Chester P. O'Hara and Wendell Brown, both of Detroit, for respondent.

NORTH, Justice.

Plaintiff, John P. McCarthy, while serving as a lieutenant of the police department of Detroit, was a witness before Honorable Homer Ferguson, a judge of the circuit court of Wayne county, who was conducting an investigation under the statute (Comp.Laws 1929, § 17217 et seq.; Stat.Ann. 28.943 et seq.) for the purpose of ascertaining whether certain violations of the criminal laws were prevalent in Wayne county. During the course of plaintiff's examination the circuit judge, being of the opinion that the answers given by plaintiff were ‘evasive’ and that plaintiff was guilty of deliberately and corruptly giving false testimony, adjudged plaintiff guilty of contempt of court. Thereupon the circuit judge on August 31, 1939, imposed sentence by committing plaintiff to the county jail for five days unless sooner discharged by law. Plaintiff served the jail sentence and was discharged from custody September 4, 1939. Thereafter, and on September 25, 1939, being desirous of obtaining leave from this court to appeal, plaintiff sought to have a concise record settled before the circuit judge on the basis of which an application for leave to appeal could be considered in this court. As a part of such concise record plaintiff sought to have embodied therein that portion of his testimony as to which the circuit judge held plaintiff's answers were evasive and wherein the circuit judge found plaintiff had testified falsely. Plaintiff also sought to have embodied in the concise record the facts or circumstances known to the circuit judge in consequence of which his conclusion was reached that plaintiff's answers were evasive and that he had deliberately given false testimony. The circuit judge refused to embody in the concise statement these portions of the proceedings had before him.
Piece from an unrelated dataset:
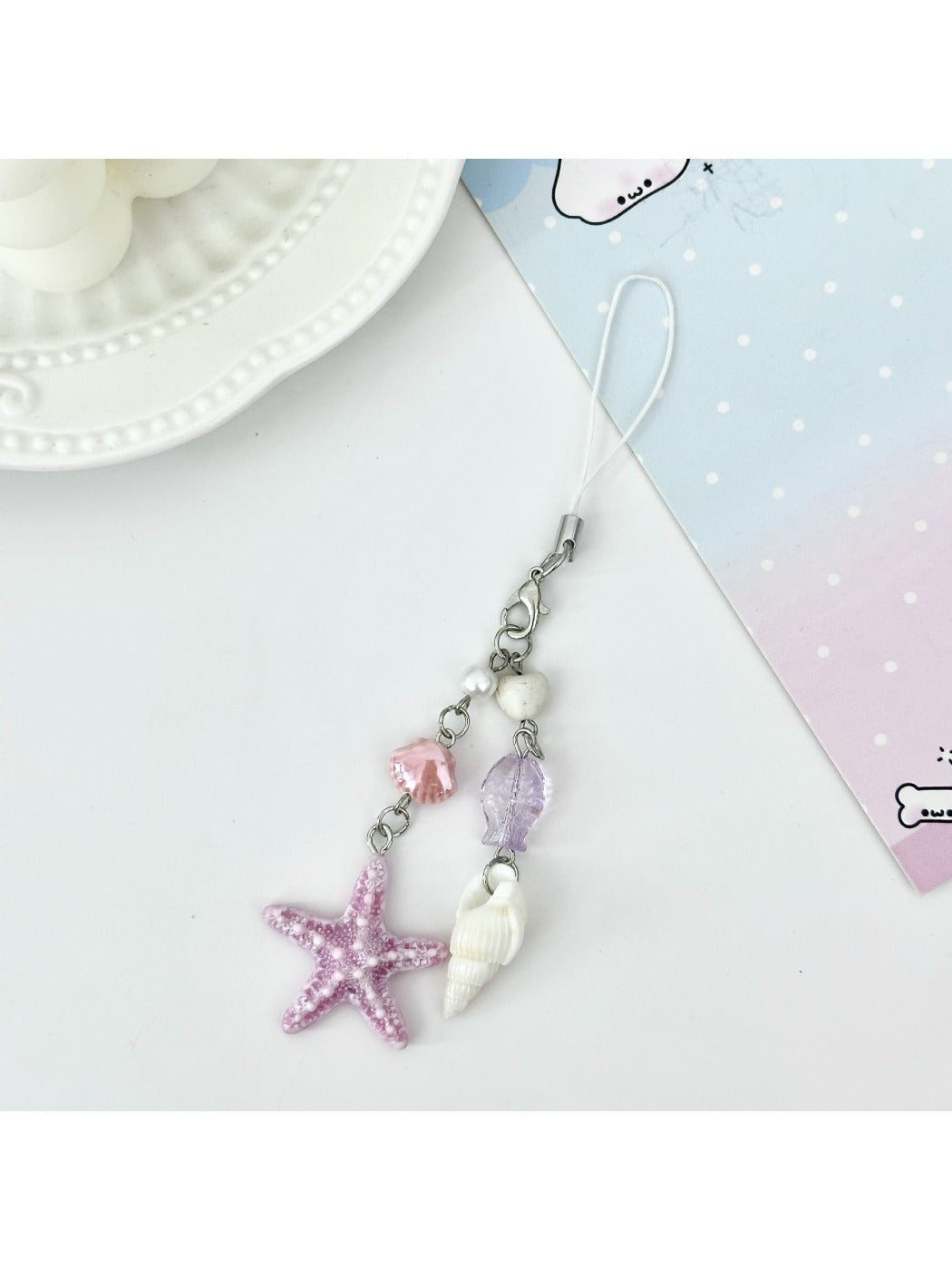 Mini starfish keychain displayed with other beach-themed accessories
Plaintiff petitioned this court for a writ of mandamus, the prayer of his petition being as follows: ‘Wherefore your petitioner and appellant, John P. McCarthy, respectfully prays that a writ of mandamus issue, directing the Honorable Homer Ferguson to disclose and supply the questions and answers of petitioner and appellant which were adjudged and determined to be contumacious, in that they were evasive and/or false, and such facts or knowledge upon which he relied or took judicial notice in making such determination.'

An order to show cause was issued. In his return to this order the circuit judge primarily based his refusal to make the record sought by plaintiff on the ground that by statutory provision he was prohibited from so doing, and that such was the rule at common law. The pertinent portion of the statute reads: ‘And in respect of communicating or divulging any statement made by such witnesses during the course of such inquiry, the justice, judge, prosecuting attorney and other person or persons who may, at the discretion of such justice, be admitted to such inquiry, shall be governed by the previsions of law relative to grand jurors.’ Comp.Laws 1929, § 17218; Stat.Ann. 28.944.
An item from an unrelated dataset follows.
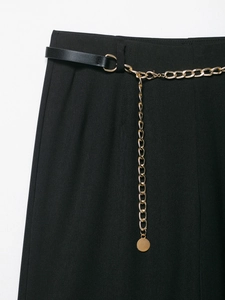 Dettaglio dei pantaloni neri con cintura a catena dorata e inserti in pelle in vita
In the return of the circuit judge to the order to show cause the following appears: ‘At common law it was a criminal offense for a grand juror to disclose the evidence adduced before the grand jury. Matters penetrating the secrecy of the grand jury room will not be allowed. It is the policy of the law that grand jury proceedings be secret, and that the minutes thereof be not revealed. Commonwealth v. Harris, 231 Mass. 584 ;State v. Branch, 68 N.C. 186 ;People v. Steinhardt ,93 N.Y.S. 1026;Coblentz v. State, 164 Md. 558 [166 A. 45, 88 A.L.R. 886];Hitzelberger v. State ,196 A. 288;State v. Perry, 149 La. [1065], 1066 ;In re Martin ,11 N.Y.S.2d 607.'

The circuit judge in his return further calls attention to McComb v. Lansing City Council, 264 Mich. 609, 614, 250 N.W. 326, 327, where we said: ‘A hearing before a grand jury usually is secret’. The return of the circuit judge also discloses that he was ready and willing to certify to what he considered a proper concise statement incident to the application for leave to appeal; but for the reasons above noted and the further reason that to disclose the testimony requestedby plaintiff would seriously impair the results sought to be obtained in the inquisitorial proceedings being conducted by the circuit judge, he declined to embody in the concise statement the testimony which plaintiff seeks to have therein.
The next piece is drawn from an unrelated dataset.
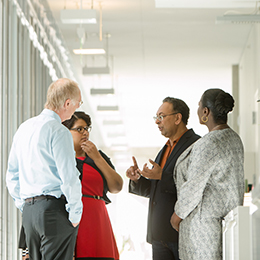 Coworkers having a discussion in hallway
For reasons hereinafter indicated we are of the opinion that decision in this mandamus proceeding does not require an adjudication of whether one, who timely seeks to review a sentence imposed in consequence of his having been found guilty of contempt of court, is entitled to have embodied in the concise statement incident to his application for leave to appeal testimony of the character sought by plaintiff in the instant case. As noted above plaintiff served the jail sentence imposed. Prior to the expiration of the term of commitment, he made no application for leave to appeal, for stay of proceedings, for the fixing of a bond for his release from custody, nor in any other manner sought a stay or a review of the sentence imposed upon him. Having served his sentence, the whole contempt proceeding was at an end. It was not until several days thereafter that plaintiff sought by petition leave to appeal. In his return to the order to show cause in this mandamus proceeding, it is pointed out by the circuit judge that in view of the facts and circumstances above noted the contempt proceeding which plaintiff seeks to review is wholly moot and that our writ of mandamus should not issue to compel the settling of a concise statement incident to plaintiff's application for leave to appeal and review a moot question.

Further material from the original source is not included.